Objectives The chemotherapy response score (CRS) has been developed for measuring response to neoadjuvant chemotherapy in tubo-ovarian high-grade serous carcinoma. This study aimed to validate the ability of this three-tier scoring system of pathologic response on omental specimens to determine prognosis in a subgroups of patients who had clinical complete response to neoadjuvant chemotherapy.

Methods This was a retrospective study, conducted in women receiving interval debulking surgery at the Division of Gynecologic Oncology, between December 2007 and April 2017. Inclusion criteria were: high-grade serous ovarian cancer, FIGO stage IIIC/IV, platinum-based neoadjuvant chemotherapy, and clinical complete response after neoadjuvant chemotherapy (normalization in CA125 levels, disappearance of all target and non-target lesions according to RECIST 1.1). CRS was defined by a single pathology review and classified as previously reported: CRS1, no or minimal tumor response with fibroinflammatory changes limited to a few foci ranging from multifocal or diffuse regression-associated fibroinflammatory changes with viable tumor in sheets, or nodules to extensive regression-associated fibroinflammatory changes with multifocal residual tumor; CRS2, appreciable tumor response with viable tumor readily identifiable; and CRS3, complete absence of tumor or nodules with maximum size of 2 mm. CRS was analyzed according to clinical variables and survival.

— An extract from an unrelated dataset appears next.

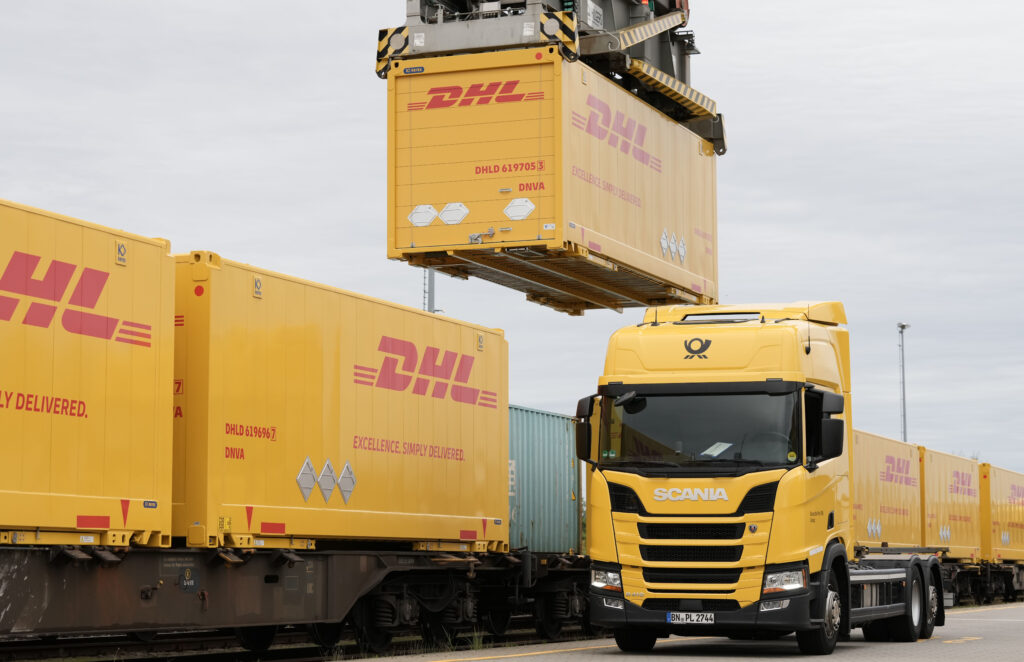 Verladung von DHL-Containern in einem DB-Güterterminal bei Berlin (Foto: DB AG/Oliver Lang)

Results A total of 108 patients were eligible for analysis. The average age was 65 (range 36–85) years. A total of 91 (84.3%) patients had stage IIIC disease and 17 (15.7%) patients had stage IV disease. No statistically significant differences were observed in terms of age, FIGO stage, CA125 serum levels, type of chemotherapy schedules, and number of cycles between the three groups. Patients in the CRS3 group had a longer median progression-free survival (25.8 months) compared with CRS2 or CRS 1 (20.3 vs 17.4 months, respectively; p=0.001). Median overall survival was 68.9 months for CRS3, 35.0 months for CRS2, and 45.9 months for CRS1 (p=0.034).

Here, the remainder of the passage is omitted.